◆ What is expected ◆
From the line with "ELENA JUMPER" through the line with "16MM 20MM Light", inclusive, return each line of the data below exactly and leave the rest out.

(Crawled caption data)
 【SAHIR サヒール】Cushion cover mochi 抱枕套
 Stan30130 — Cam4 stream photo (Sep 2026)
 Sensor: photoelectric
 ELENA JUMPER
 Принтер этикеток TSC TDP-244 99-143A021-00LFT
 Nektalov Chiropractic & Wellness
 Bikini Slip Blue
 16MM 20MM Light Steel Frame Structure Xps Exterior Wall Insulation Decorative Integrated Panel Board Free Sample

==

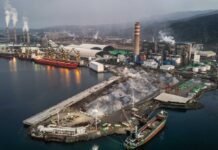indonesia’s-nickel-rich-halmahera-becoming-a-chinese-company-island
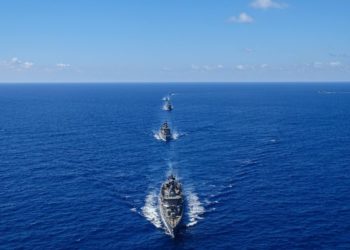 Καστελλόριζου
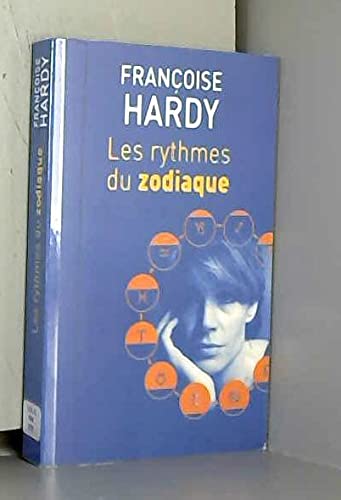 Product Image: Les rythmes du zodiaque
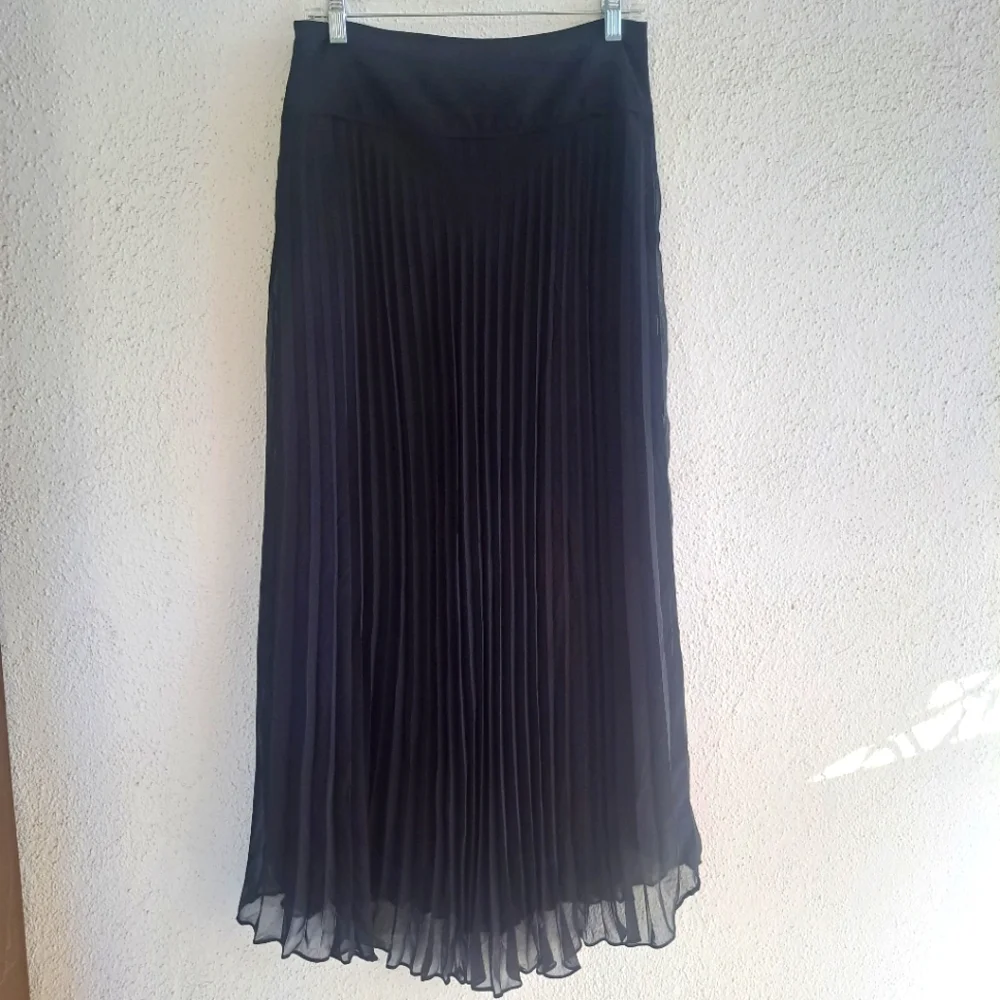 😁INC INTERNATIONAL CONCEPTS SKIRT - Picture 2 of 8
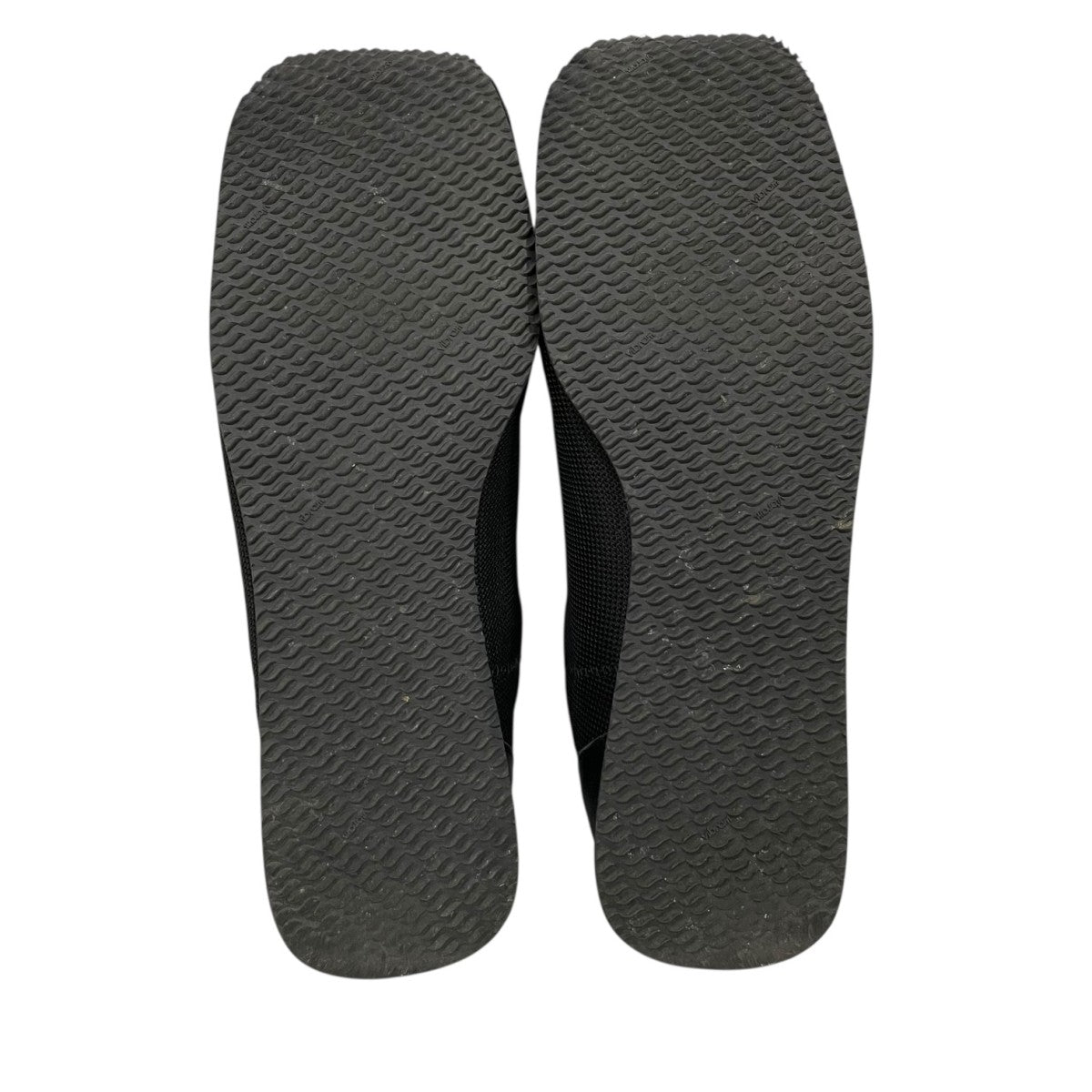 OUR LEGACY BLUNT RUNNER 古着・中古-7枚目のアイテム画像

◆ Solution below ◆
 ELENA JUMPER
 Принтер этикеток TSC TDP-244 99-143A021-00LFT
 Nektalov Chiropractic & Wellness
 Bikini Slip Blue
 16MM 20MM Light Steel Frame Structure Xps Exterior Wall Insulation Decorative Integrated Panel Board Free Sample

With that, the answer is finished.